Daniel Vetter <daniel>

Component:

DRM/Intel

Assignee:

Matt Roper <matthew.d.roper>

Status:

CLOSED FIXED

QA Contact:

Intel GFX Bugs mailing list <intel-gfx-bugs>

Severity:

normal

Priority:

highest

CC:

intel-gfx-bugs

Version:

XOrg git

Hardware:

Other

OS:

All

Whiteboard:

i915 platform:

ILK, IVB, SNB

i915 features:

display/watermark

Attachments:

Description	Flags
dmesg with drm.debug=0xe set before starting the test	none
wm after boot, pipe A underrun from boot-up	none
wm after boot, pipe B underrun due to test	none

Description Daniel Vetter 2016-01-08 08:43:33 UTC

Build 951 was somehow fail on the affected snb machine, so unclear where exactly the regression is.

Machine name is snb-dellxps. Affected testecases (from a quick look 100% reproducible):

igt@kms_pipe_crc_basic@suspend-read-crc-pipe-b
igt@kms_pipe_crc_basic@read-crc-pipe-b
igt@kms_flip@basic-plain-flip
igt@kms_flip@basic-flip-vs-wf_vblank
igt@drv_module_reload_basic
	
Assigning to Matt Roper since most likely this is fallout from the wm rework.

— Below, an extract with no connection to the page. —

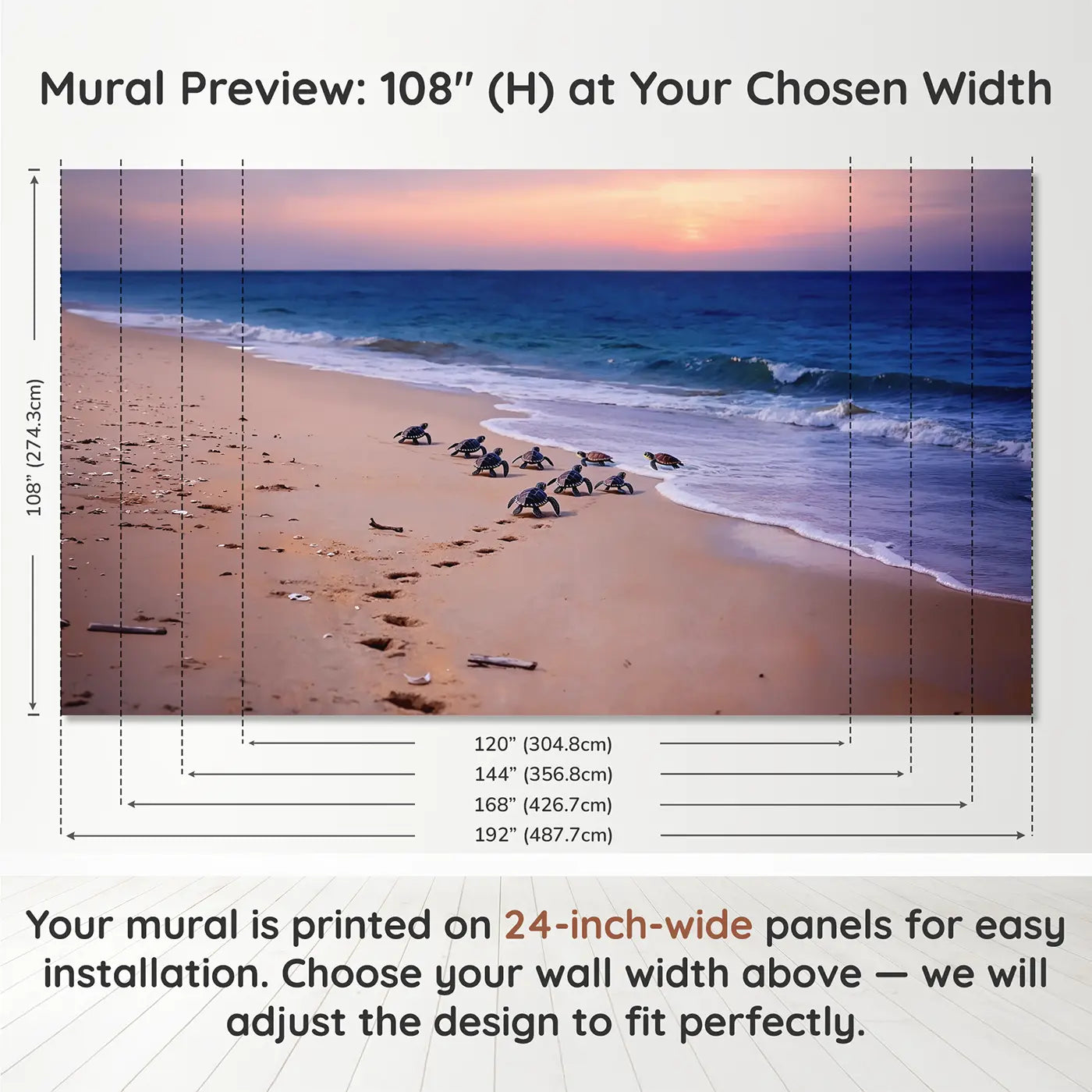 Panel layout and dimensions for Sea Turtle Hatchling Dawn Wallpaper Mural by Whimsy Tots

Comment 1 Matt Roper 2016-01-09 02:02:44 UTC

Untested, but does the following patch solve the problem?  The immediate bug is that we don't drop locks in the error case.  But I'm unclear why we're hitting the error condition in the first place.  Is there a way to get logs with drm.debug out of the CI system?  Or to submit a patch directly to CI for testing without posting it on the mailing list?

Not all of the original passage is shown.